#### Exercise goal:
Please output the lines from the one with "Columbia コロンビア ショートブーツ" through the end of the data exactly as written, omitting all pictures.

#### Dataset records:
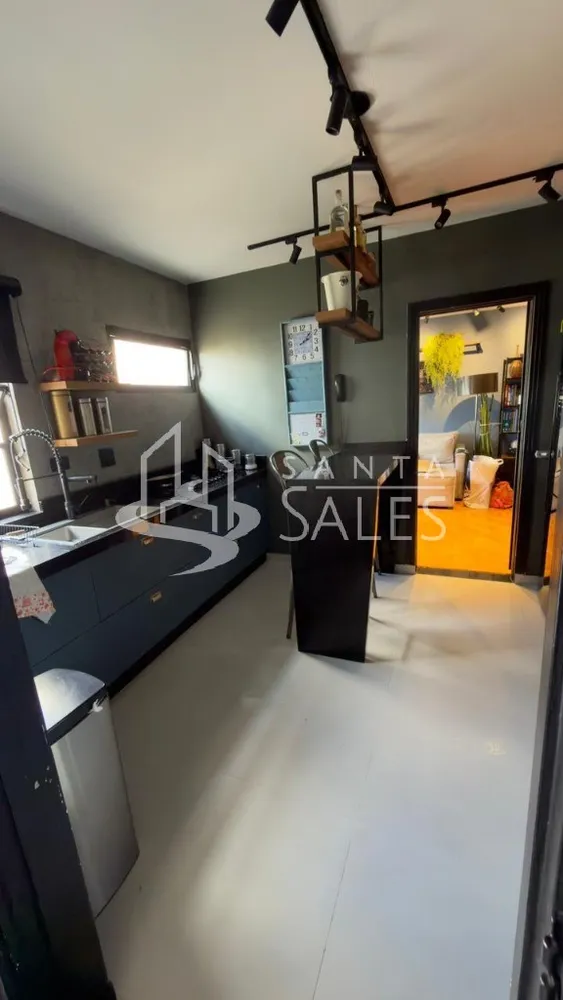 Apartamento, 2 quartos, 79 m² - Foto 5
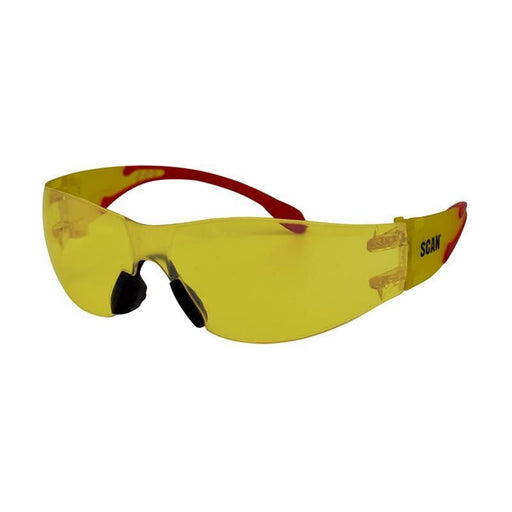 Scan Flexi Spectacle Amber Scan - Dynamic Drive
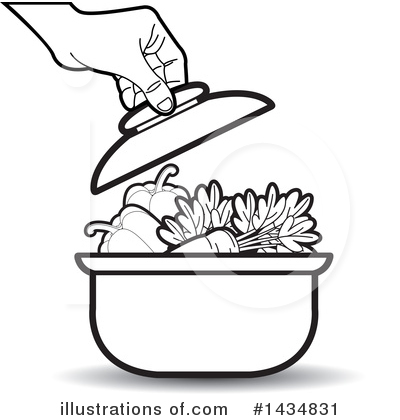 Detail Free Cooking Clipart Images Nomer 43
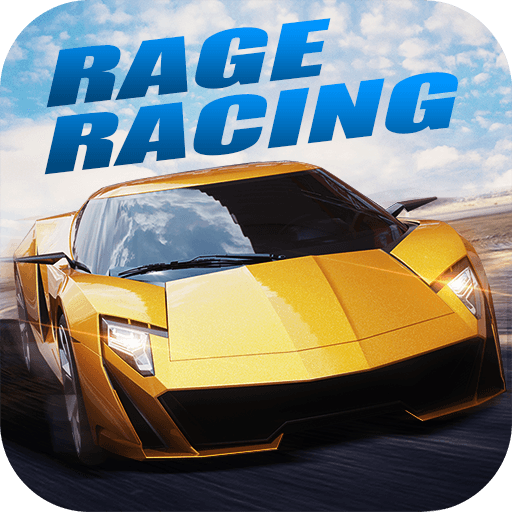 狂怒飞车手机最新版v1.8.6 安卓版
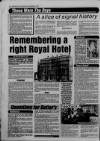 Bristol Evening Post Thursday 13 December 1990 Page 18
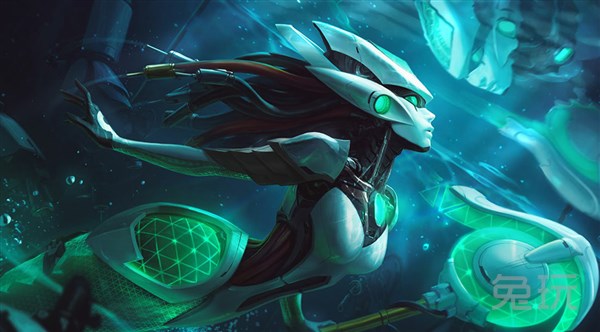 英雄联盟10.9版本更新了什么?更新内容一览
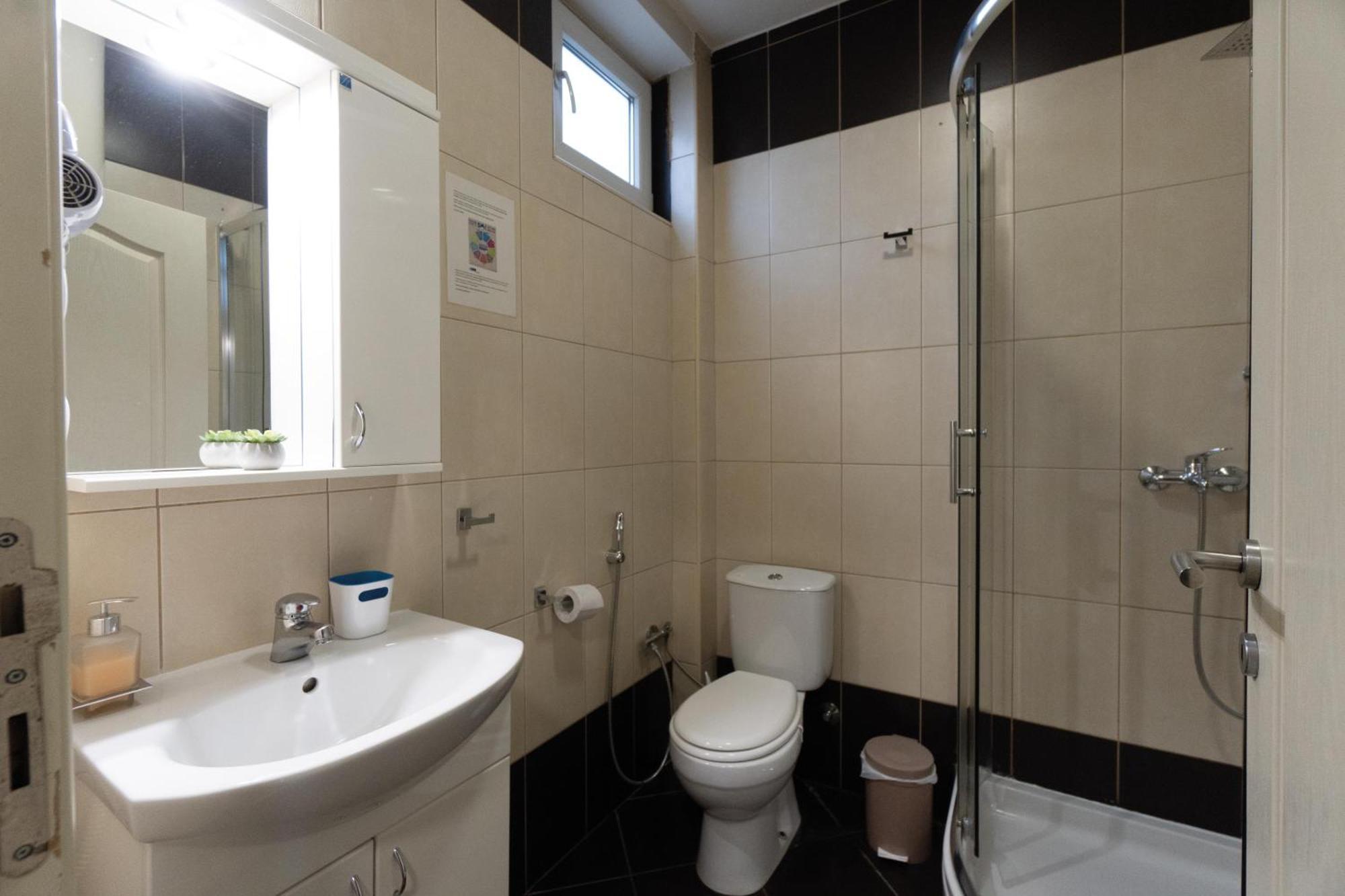Aleksei Apartmani Belgrad Zewnętrze zdjęcie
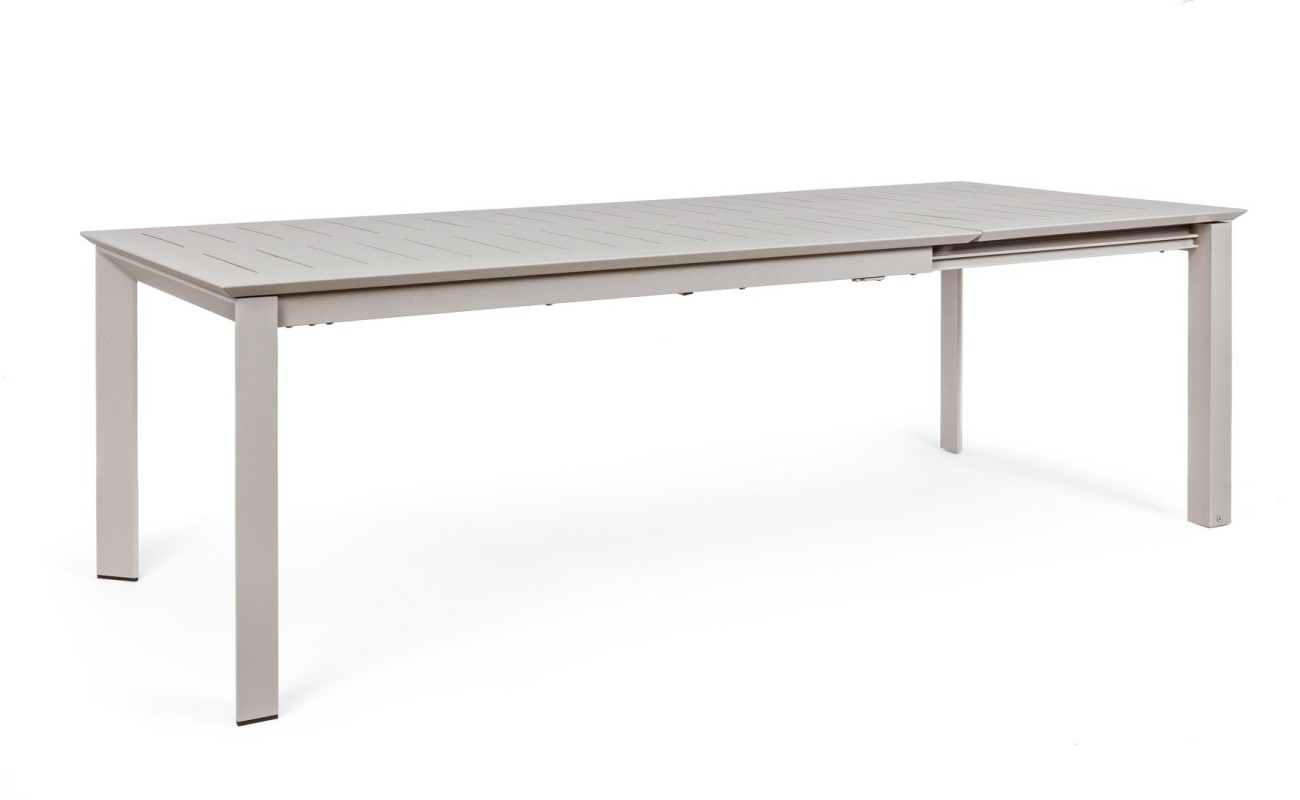 MESA EXT KONNOR 160-240X100 RASTIN
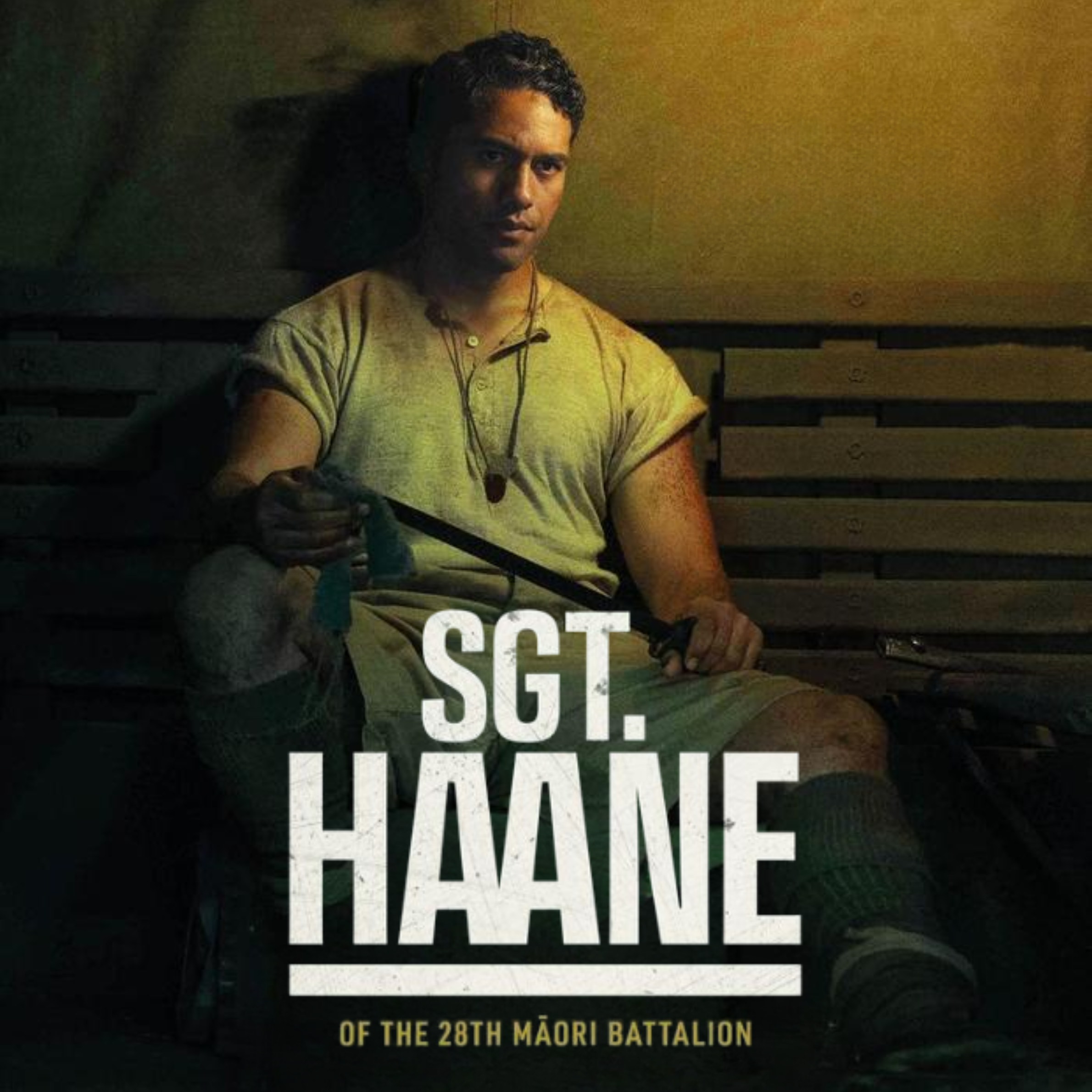 Sgt. Haane (2026)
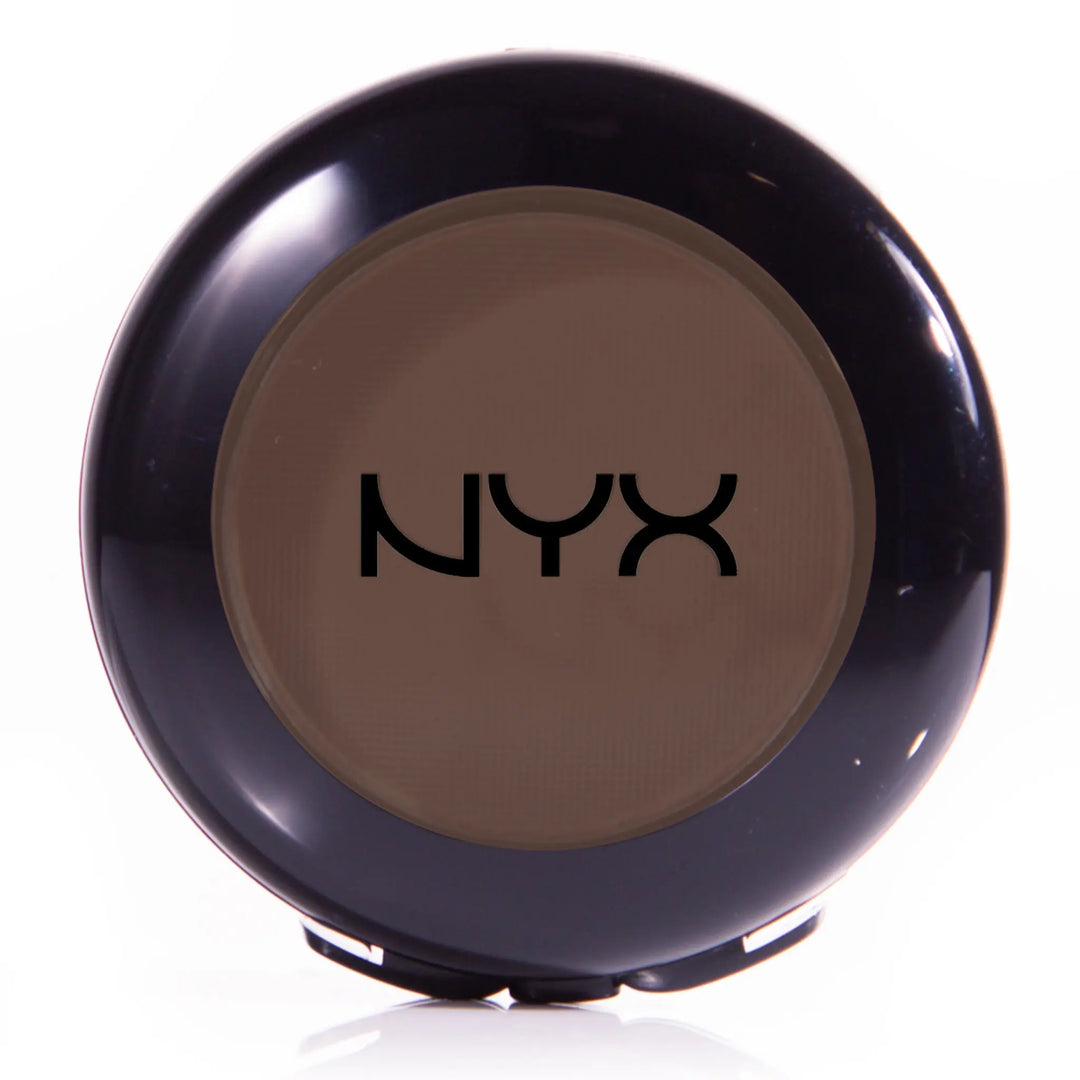 NYX Hot Single Eye Shadow - Branded Beauty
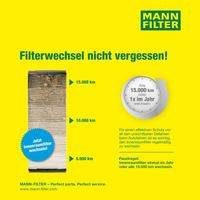 Innenraumfilter Pollenfilter Filter, Bild 5
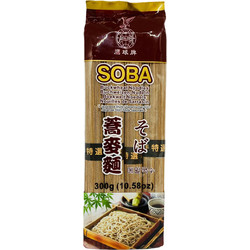 Buckwheat Noodles Soba 300gr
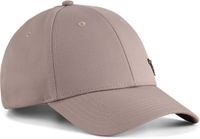 PUMA ESS METAL PUMA CAT BB Cap Unisex Pet - Sandstone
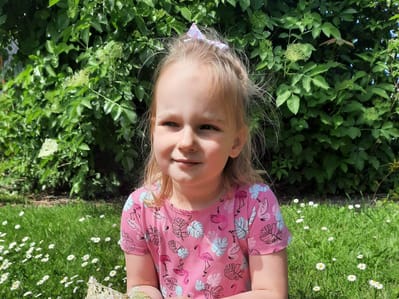 Amelia Chodnicka - main photo
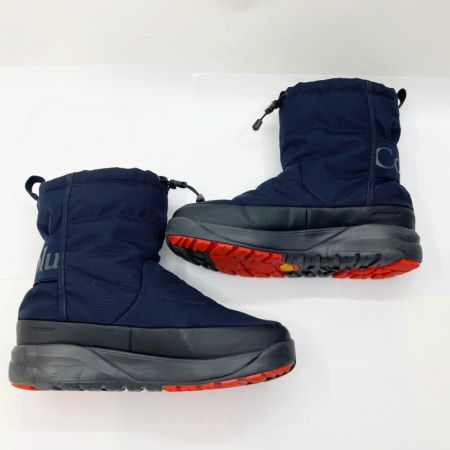  Columbia コロンビア ショートブーツ 26.0cm US8 ビブラムソール YU0335-444 ネイビー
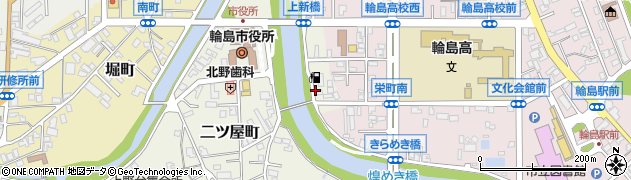有限会社久岡保険事務所周辺の地図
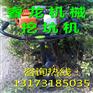 地钻 65CC 单双人 汽油 挖坑机 打桩 手提式 地钻 厂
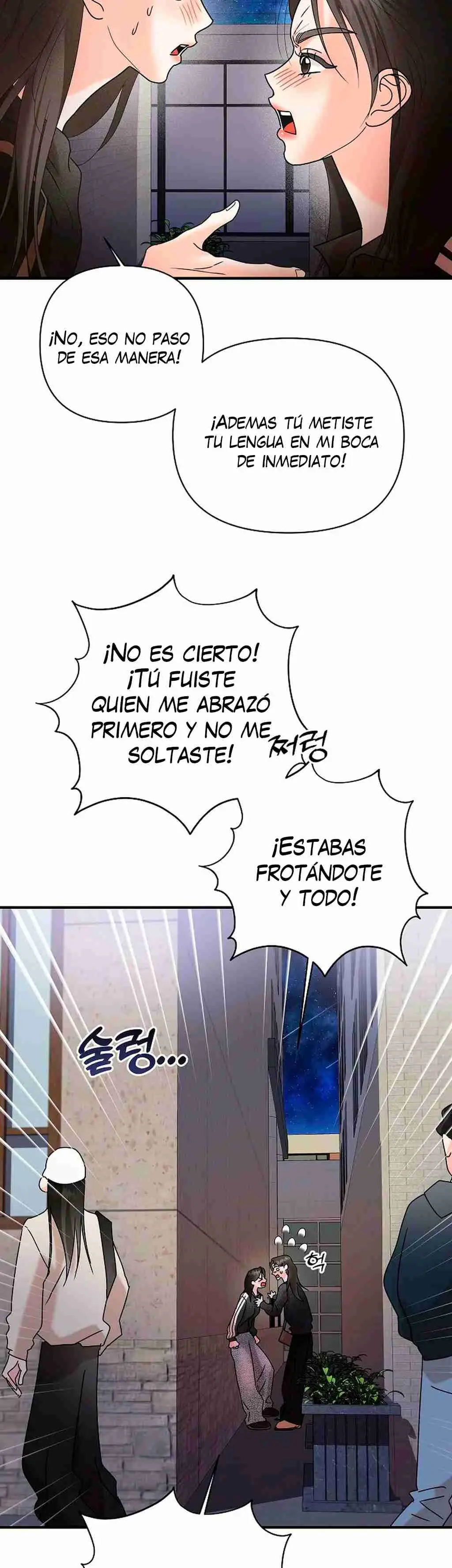 Stop Fight Go To Bed (2025) - Capítulo 9 - Página 83 - LectorTMOo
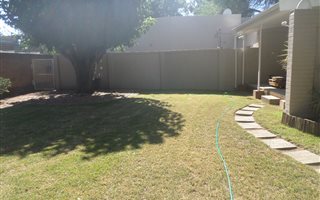 1 Bedroom Apartment in Vryburg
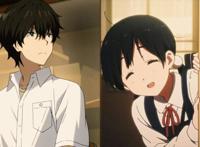 盘点二次元中不可错过的恋爱题材动漫，你都看过吗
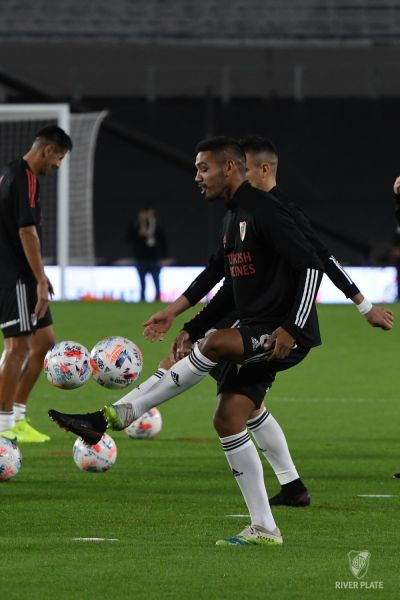  (Foto: Prensa River)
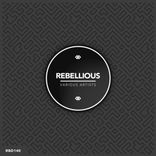 Artwork for "Rebellious"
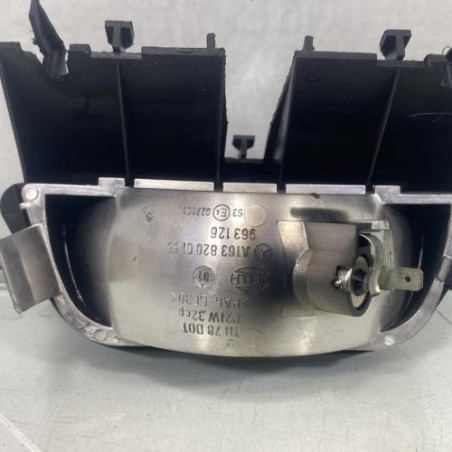 Feu arriere stop central MERCEDES CLASSE M 163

#### Task answer:
  Columbia コロンビア ショートブーツ 26.0cm US8 ビブラムソール YU0335-444 ネイビー
有限会社久岡保険事務所周辺の地図
 地钻 65CC 单双人 汽油 挖坑机 打桩 手提式 地钻 厂
 Stop Fight Go To Bed (2025) - Capítulo 9 - Página 83 - LectorTMOo
 1 Bedroom Apartment in Vryburg
 盘点二次元中不可错过的恋爱题材动漫，你都看过吗
  (Foto: Prensa River)
 Artwork for "Rebellious"
 Feu arriere stop central MERCEDES CLASSE M 163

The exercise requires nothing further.